### Study material

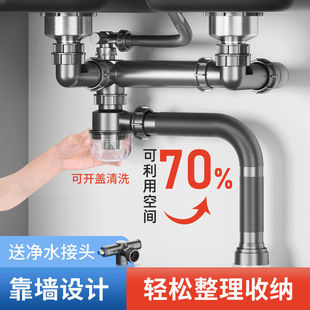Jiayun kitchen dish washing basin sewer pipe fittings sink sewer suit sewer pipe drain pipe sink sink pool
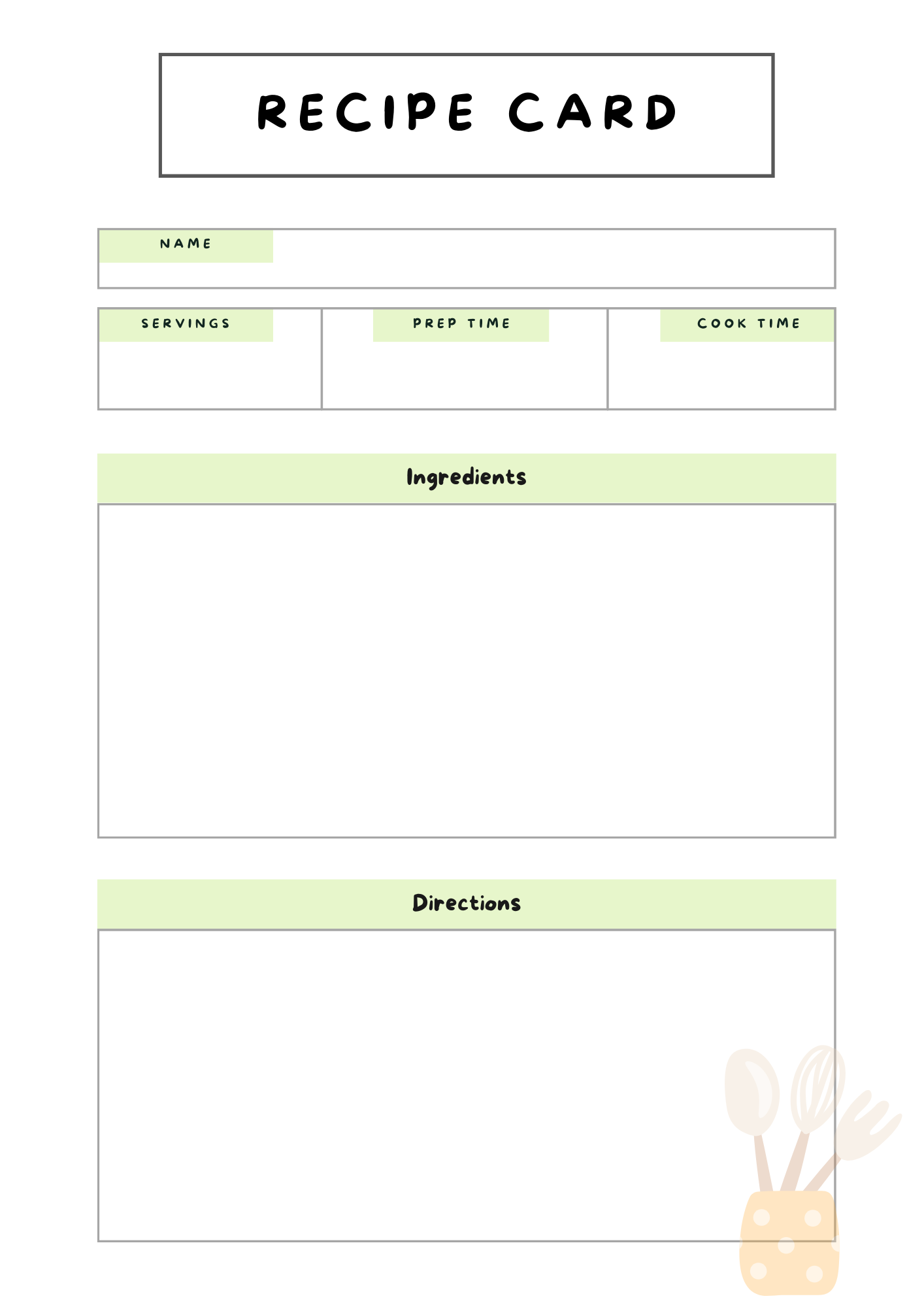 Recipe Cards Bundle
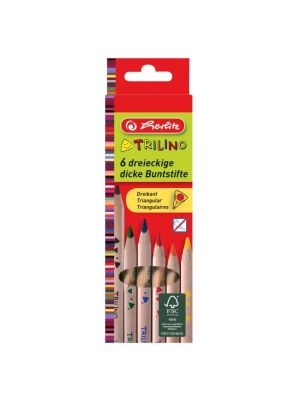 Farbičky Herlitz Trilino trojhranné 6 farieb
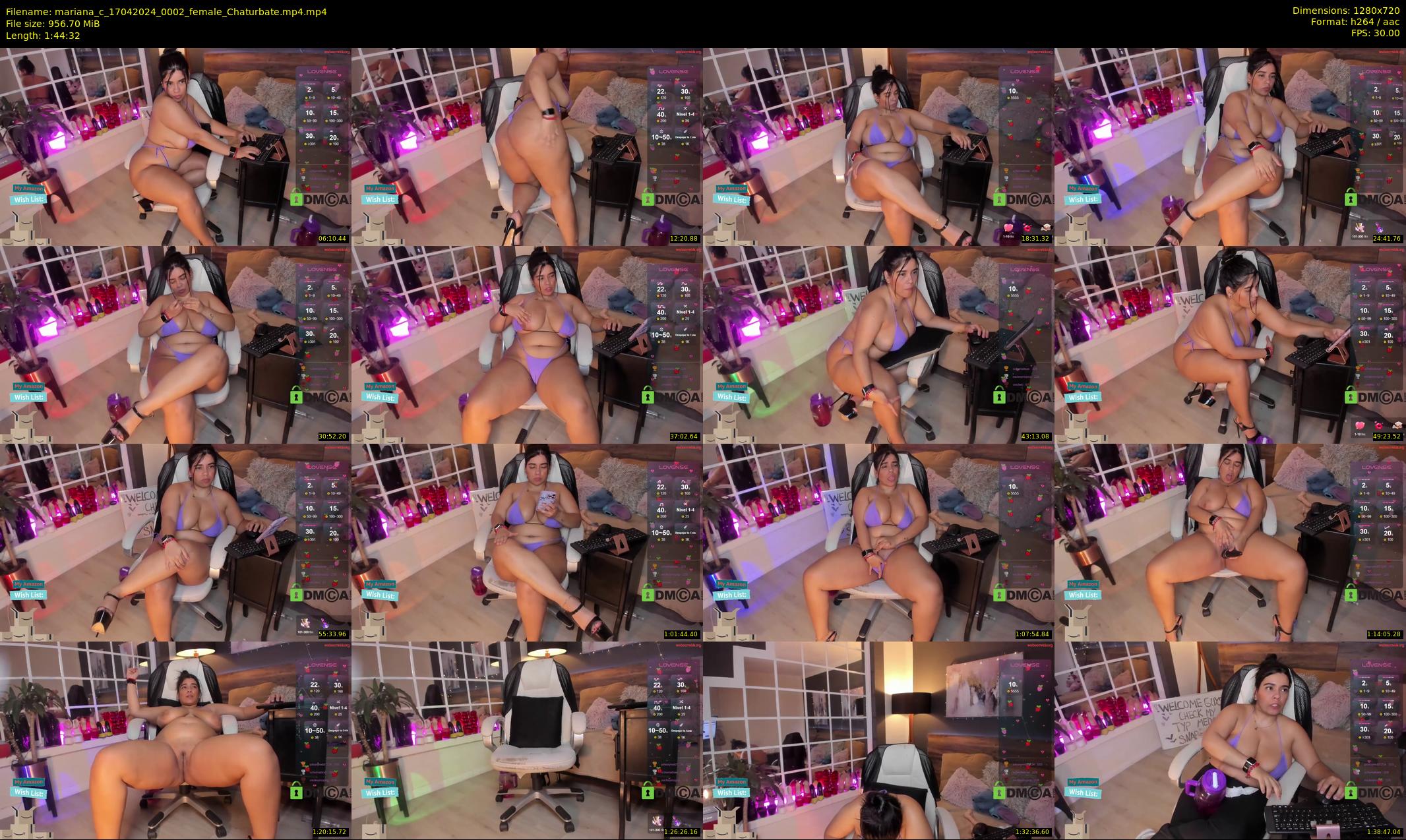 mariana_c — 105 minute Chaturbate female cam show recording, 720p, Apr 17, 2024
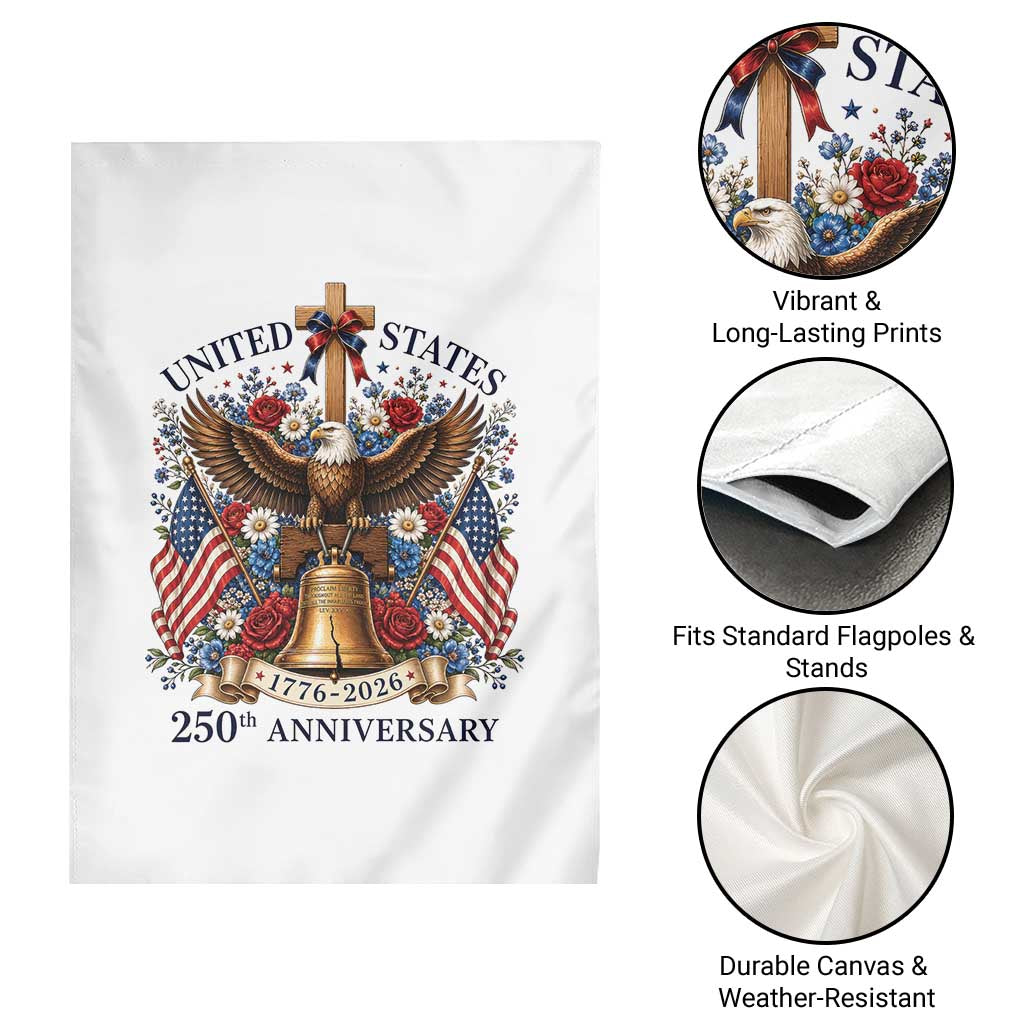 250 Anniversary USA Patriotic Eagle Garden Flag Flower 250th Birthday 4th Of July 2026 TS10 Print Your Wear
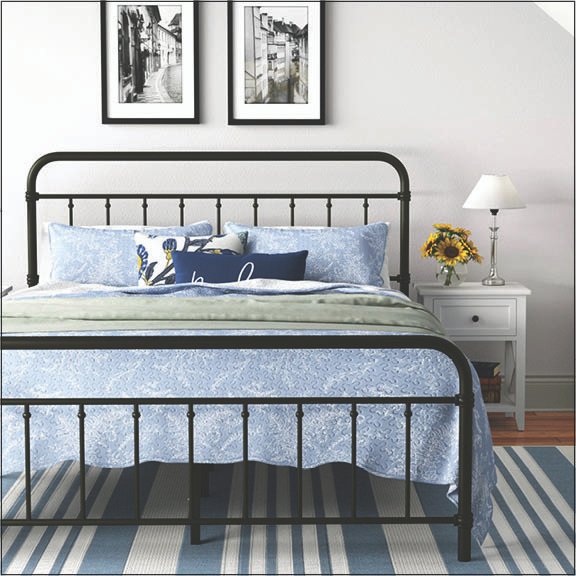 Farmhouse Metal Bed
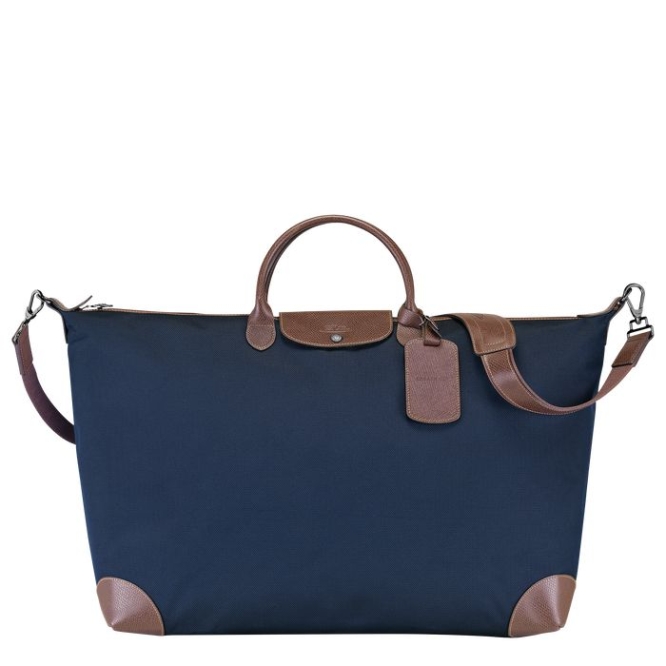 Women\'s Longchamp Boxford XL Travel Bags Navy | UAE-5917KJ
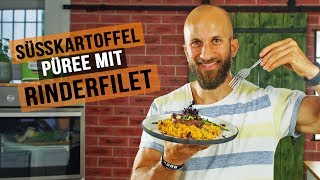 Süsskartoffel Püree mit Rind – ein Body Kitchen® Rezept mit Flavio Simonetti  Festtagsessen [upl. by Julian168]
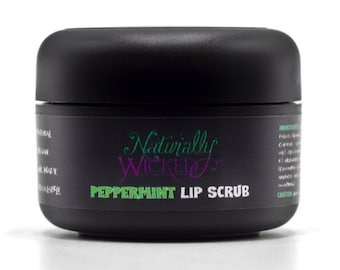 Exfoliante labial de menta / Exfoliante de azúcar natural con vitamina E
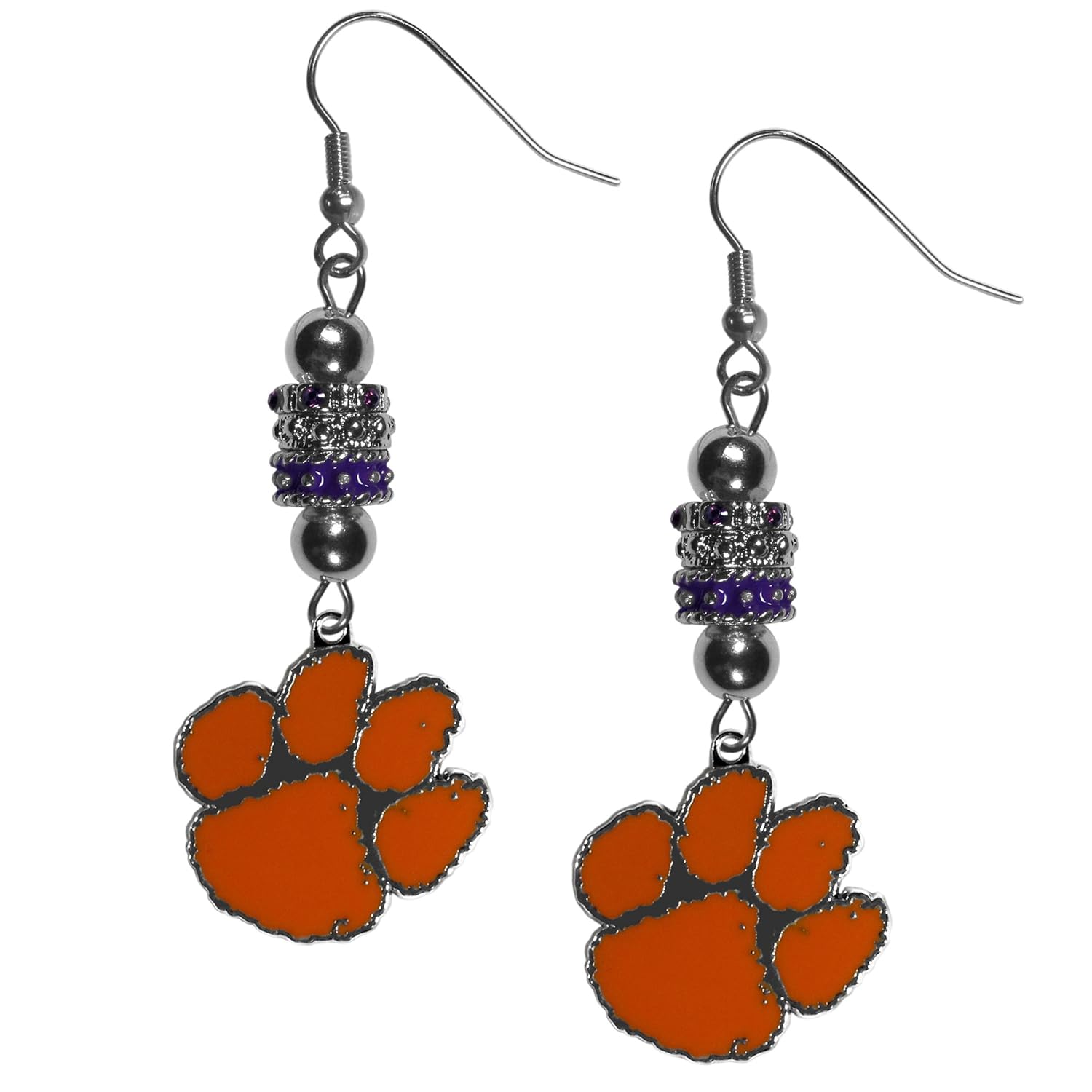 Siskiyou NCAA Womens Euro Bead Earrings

######

* **Aim of the exercise**
Pictures aside, repeat exactly every line from the top of the listing above through the line bearing "Farmhouse Metal Bed", inclusive.

* **Worked solution**
Jiayun kitchen dish washing basin sewer pipe fittings sink sewer suit sewer pipe drain pipe sink sink pool
 Recipe Cards Bundle
 Farbičky Herlitz Trilino trojhranné 6 farieb
 mariana_c — 105 minute Chaturbate female cam show recording, 720p, Apr 17, 2024
 250 Anniversary USA Patriotic Eagle Garden Flag Flower 250th Birthday 4th Of July 2026 TS10 Print Your Wear
 Farmhouse Metal Bed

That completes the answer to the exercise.